U.S. District Judge's decision on municipal liability for viewpoint discrimination should be read by St. Augustine Beach City Attorney JAMES PATRICK WILSON any Commissioners who need schooling on First Amendment rights tonight.
Hon. J. Paul Oetken, United States District Judge, Southern District of New York (Manhattan)

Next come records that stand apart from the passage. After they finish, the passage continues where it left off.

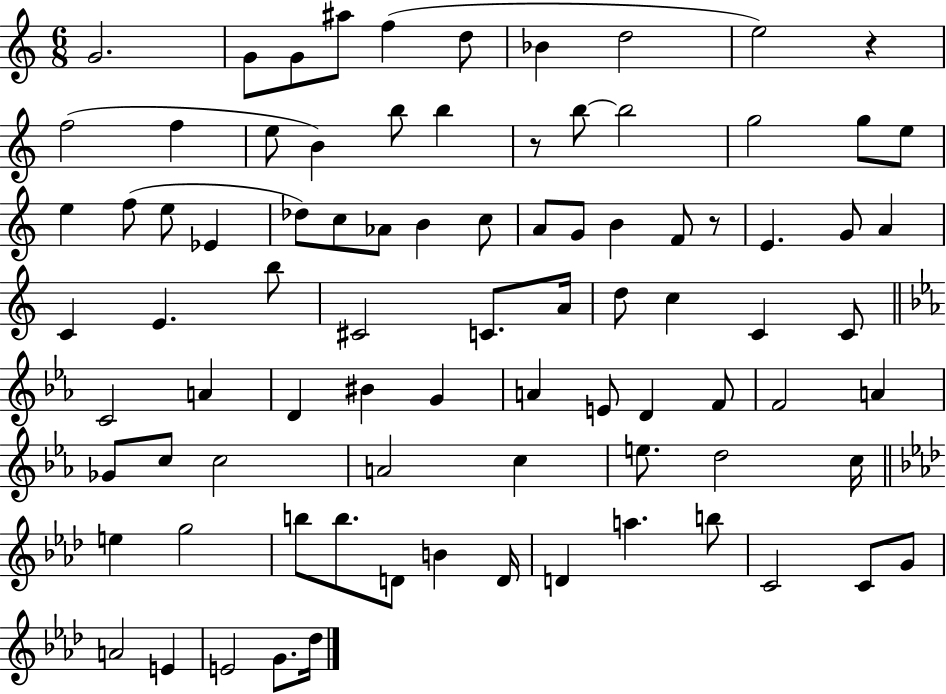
X:1
T:Untitled
M:6/8
L:1/4
K:C
G2 G/2 G/2 ^a/2 f d/2 _B d2 e2 z f2 f e/2 B b/2 b z/2 b/2 b2 g2 g/2 e/2 e f/2 e/2 _E _d/2 c/2 _A/2 B c/2 A/2 G/2 B F/2 z/2 E G/2 A C E b/2 ^C2 C/2 A/4 d/2 c C C/2 C2 A D ^B G A E/2 D F/2 F2 A _G/2 c/2 c2 A2 c e/2 d2 c/4 e g2 b/2 b/2 D/2 B D/4 D a b/2 C2 C/2 G/2 A2 E E2 G/2 _d/4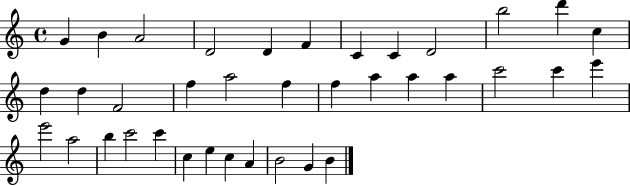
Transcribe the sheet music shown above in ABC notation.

X:1
T:Untitled
M:4/4
L:1/4
K:C
G B A2 D2 D F C C D2 b2 d' c d d F2 f a2 f f a a a c'2 c' e' e'2 a2 b c'2 c' c e c A B2 G B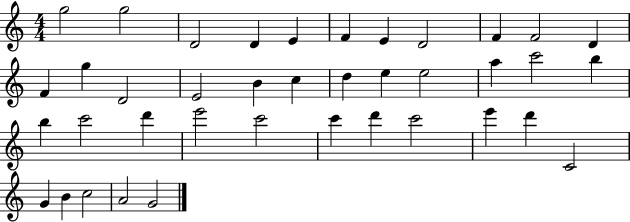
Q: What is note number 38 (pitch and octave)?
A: A4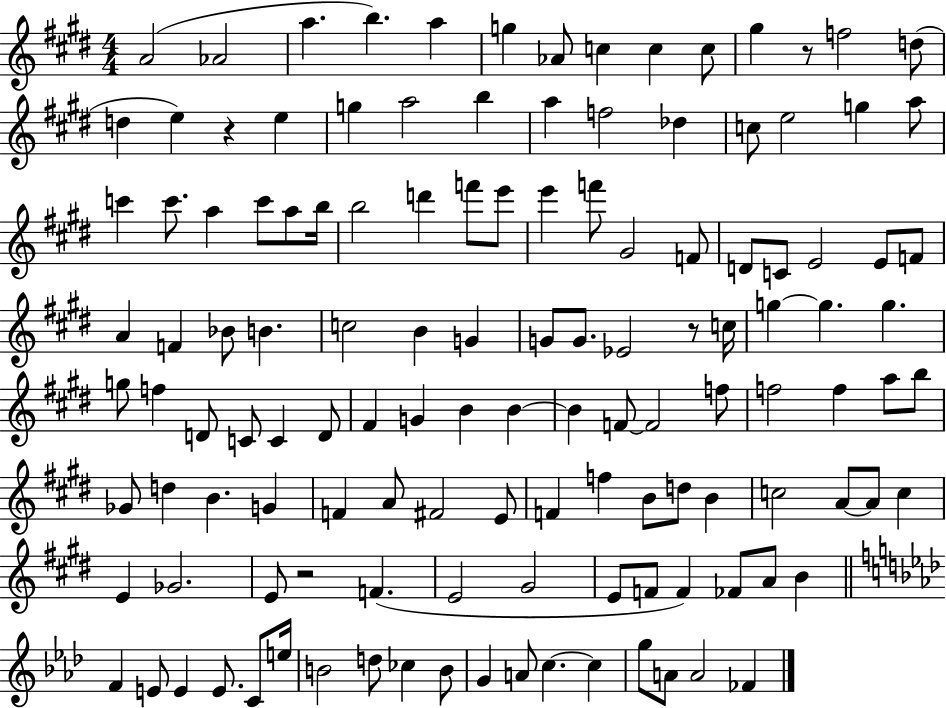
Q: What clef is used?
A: treble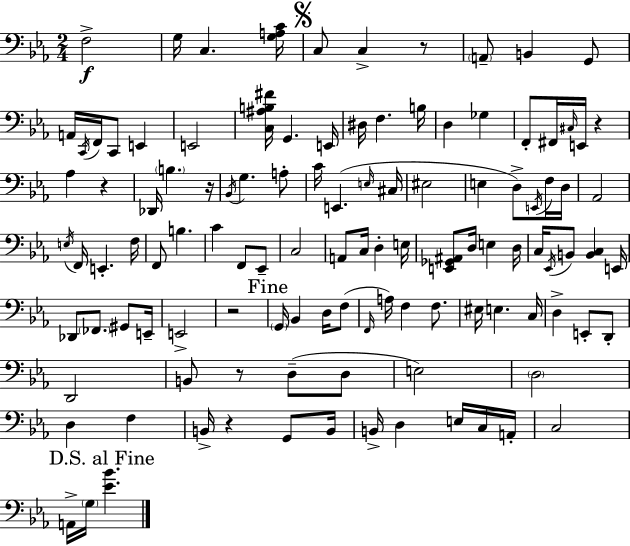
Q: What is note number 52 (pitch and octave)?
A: C3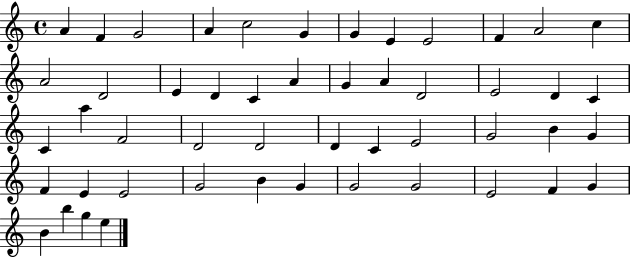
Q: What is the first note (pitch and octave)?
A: A4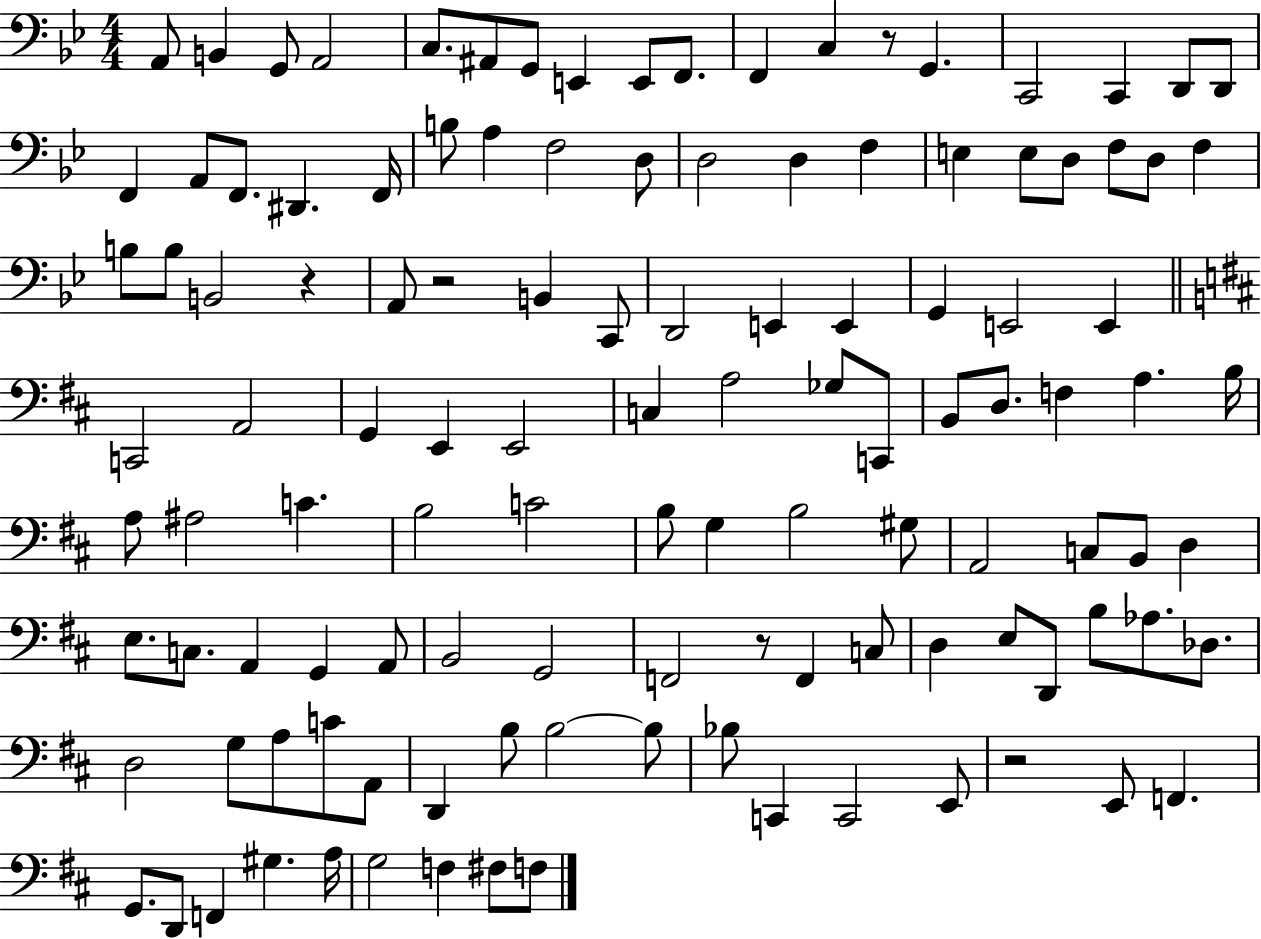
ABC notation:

UNITED STATES DISTRICT COURT SOUTHERN DISTRICT OF NEW YORK
-------------------------------------------------------------X :
JASON B. NICHOLAS, : : Plaintiff, : : -v- : : THE CITY OF NEW YORK, et al., : : Defendants. :
------------------------------------------------------------ X J. PAUL OETKEN, District Judge:
15-CV-9592 (JPO) OPINION AND ORDER
Plaintiff Jason B. Nicholas, a professional photojournalist, filed this action pro se against Defendants William Bratton, Stephen Davis, Michael DeBonis, and the City of New York on December 8, 2015. (Dkt. No. 2.) Nicholas alleges that Defendants violated his First and Fourteenth Amendment rights by revoking his New York Police Department (“NYPD”) press credential without due process and in retaliation for the content of his speech. (Id.) Nicholas moved for a preliminary injunction compelling Defendants to return the press credential that they had revoked. (Dkt. No. 3.) The Court denied Nicholas’s motion without prejudice. (Dkt. No. 34.) Nicholas thereafter filed an amended complaint (Dkt. No. 48 (“Compl.”)), which Defendants now move to dismiss under Federal Rules of Civil Procedure 12(b)(6) and 12(b)(1). (Dkt. No. 52.) For the reasons that follow, the motion is denied.
I. Background
The facts described herein are, unless otherwise noted, taken from the operative amended complaint, papers appended to the complaint, or, consistent with the Court’s responsibility to liberally construe a pro se plaintiff’s papers, from Nicholas’s opposition to the motion to dismiss.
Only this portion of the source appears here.